UNLOAD - Amazon Athena

UNLOAD

Writes query results from a SELECT statement to the specified data format. Supported formats for UNLOAD include Apache Parquet, ORC, Apache Avro, and JSON. CSV is the only output format used by the Athena SELECT query, but you can use UNLOAD to write the output of a SELECT query to the formats that UNLOAD supports.

Although you can use the CTAS statement to output data in formats other than CSV, those statements also require the creation of a table in Athena. The UNLOAD statement is useful when you want to output the results of a SELECT query in a non-CSV format but do not require the associated table. For example, a downstream application might require the results of a SELECT query to be in JSON format, and Parquet or ORC might provide a performance advantage over CSV if you intend to use the results of the SELECT query for additional analysis.

Considerations and Limitations

When you use the UNLOAD statement in Athena, keep in mind the following points:

  • Engine version – Athena engine version 2 is required.

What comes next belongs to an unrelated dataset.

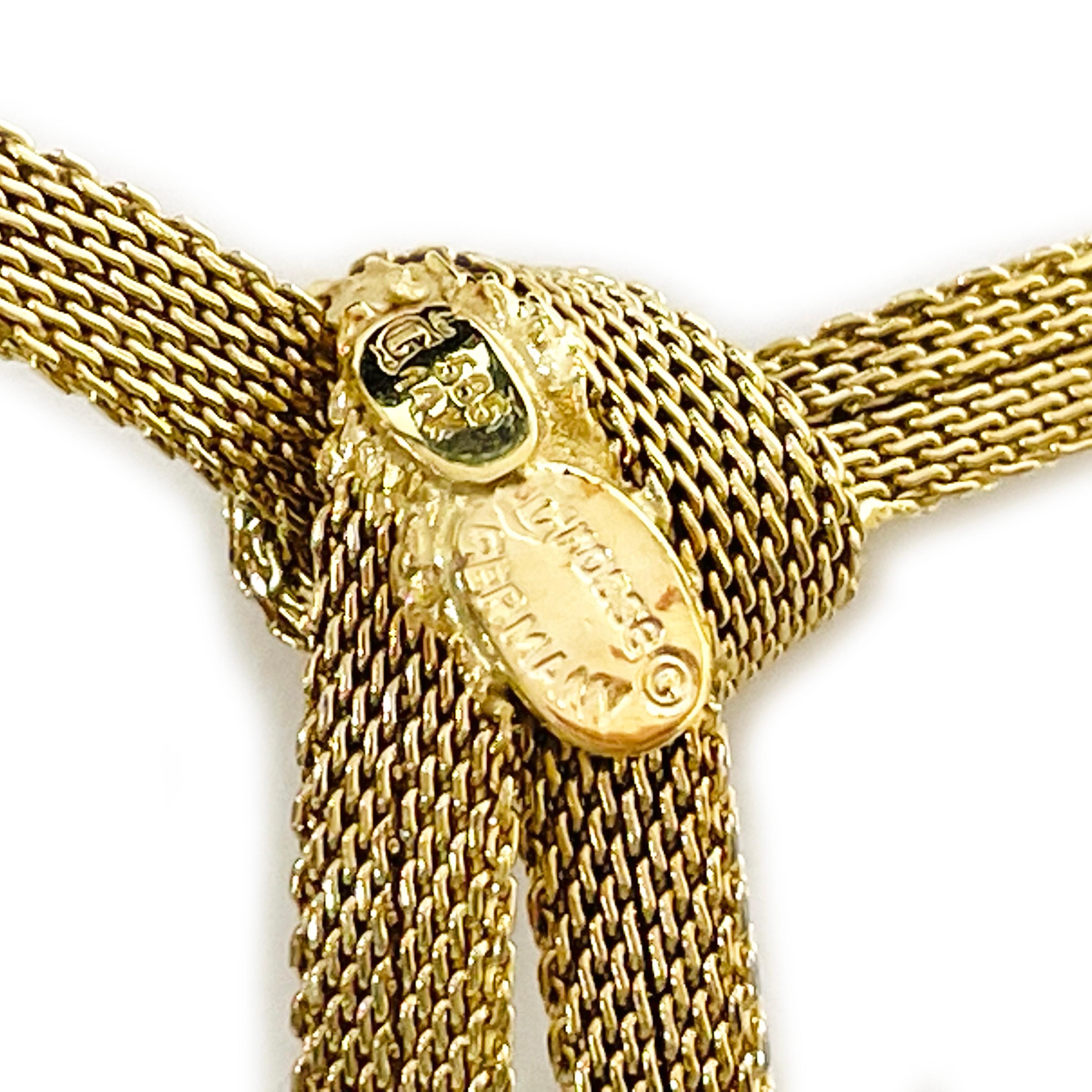 Yellow Gold Mesh Knot Necklace In Good Condition For Sale In Palm Desert, CA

  • No global ordering of filesUNLOAD results are written to multiple files in parallel. If the SELECT query in the UNLOAD statement specifies a sort order, each file's contents are in sorted order, but the files are not sorted relative to each other.

  • Orphaned data not deleted – In the case of a failure, Athena does not attempt to delete orphaned data. This behavior is the same as that for CTAS and INSERT INTO statements.

  • Maximum partitions – The maximum number of partitions that can be used with UNLOAD is 100.

  • Metadata and manifest files – Athena generates a metadata file and data manifest file for each UNLOAD query. The manifest tracks the files that the query wrote. Both files are saved to your Athena query result location in Amazon S3. For more information, see Identifying Query Output Files.

  • EncryptionUNLOAD output files are encrypted according to the encryption configuration used for Amazon S3. To set up encryption configuration to encrypt your UNLOAD result, you can use the EncryptionConfiguration API.

  • Prepared statementsUNLOAD can be used with prepared statements. For information about prepared statements in Athena, see Querying with Prepared Statements.

  • Service quotas – UNLOAD uses DML query quotas. For quota information, see Service Quotas.

Syntax

The UNLOAD statement uses the following syntax.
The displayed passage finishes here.